==== AVAILABLE RECORDS ====

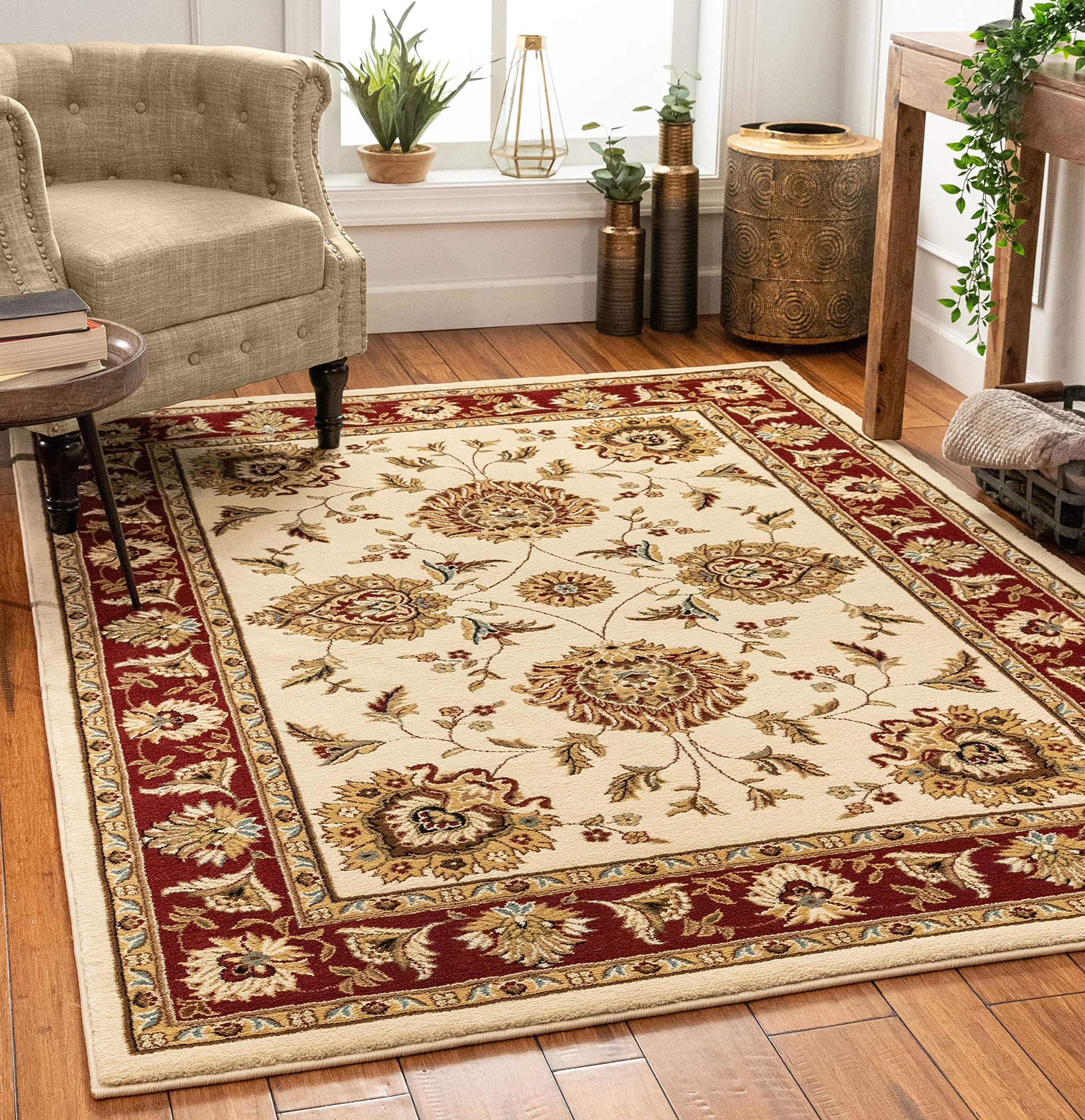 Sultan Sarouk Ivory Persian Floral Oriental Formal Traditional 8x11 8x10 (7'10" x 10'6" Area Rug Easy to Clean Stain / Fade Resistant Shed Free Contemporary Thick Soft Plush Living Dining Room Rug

====
==== AVAILABLE RECORDS ====

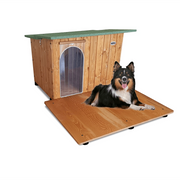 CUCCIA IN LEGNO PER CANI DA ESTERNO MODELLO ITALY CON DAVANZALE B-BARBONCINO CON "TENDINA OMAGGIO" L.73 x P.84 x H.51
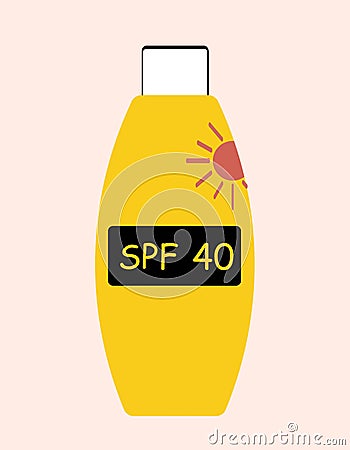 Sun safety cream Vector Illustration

====

__WHAT THE TASK ASKS__: From the data above, retype only the lines starting with the line with "CUCCIA IN LEGNO" and going on through the line with "Sun safety cream Vector Illustration", exactly, leaving out the pictures.

__ANSWER TO THE EXERCISE__:
 CUCCIA IN LEGNO PER CANI DA ESTERNO MODELLO ITALY CON DAVANZALE B-BARBONCINO CON "TENDINA OMAGGIO" L.73 x P.84 x H.51
 Sun safety cream Vector Illustration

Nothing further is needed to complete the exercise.